= List of battalions of the Bedfordshire and Hertfordshire Regiment =

This is a list of battalions of the Bedfordshire and Hertfordshire Regiment, which existed as an infantry regiment of the British Army from 1881 to 1958.

==Original composition==
When the 16th (Bedfordshire) Regiment of Foot became The Bedfordshire Regiment in 1881 under the Cardwell-Childers reforms of the British Armed Forces, five pre-existent militia and volunteer battalions of Bedfordshire and Hertfordshire were integrated into the structure of the regiment.
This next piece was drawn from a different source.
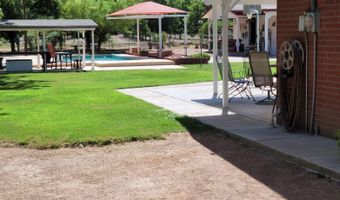1602 Waterfront St, Anthony, NM 88021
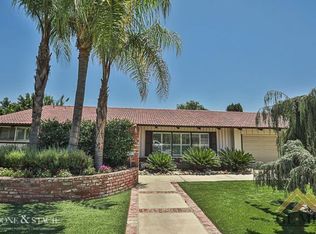 512 Jamaica Way, Bakersfield, CA 93309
Volunteer battalions had been created in reaction to a perceived threat of invasion by France in the late 1850s. Organised as "rifle volunteer corps", they were independent of the British Army and composed primarily of the middle class. The only change to the regiment's structure during the period of 1881–1908, was the addition of a 4th volunteer battalion in 1900, being the 4th Volunteer Battalion, later renamed to 4th (Huntingdonshire) Volunteer Battalion.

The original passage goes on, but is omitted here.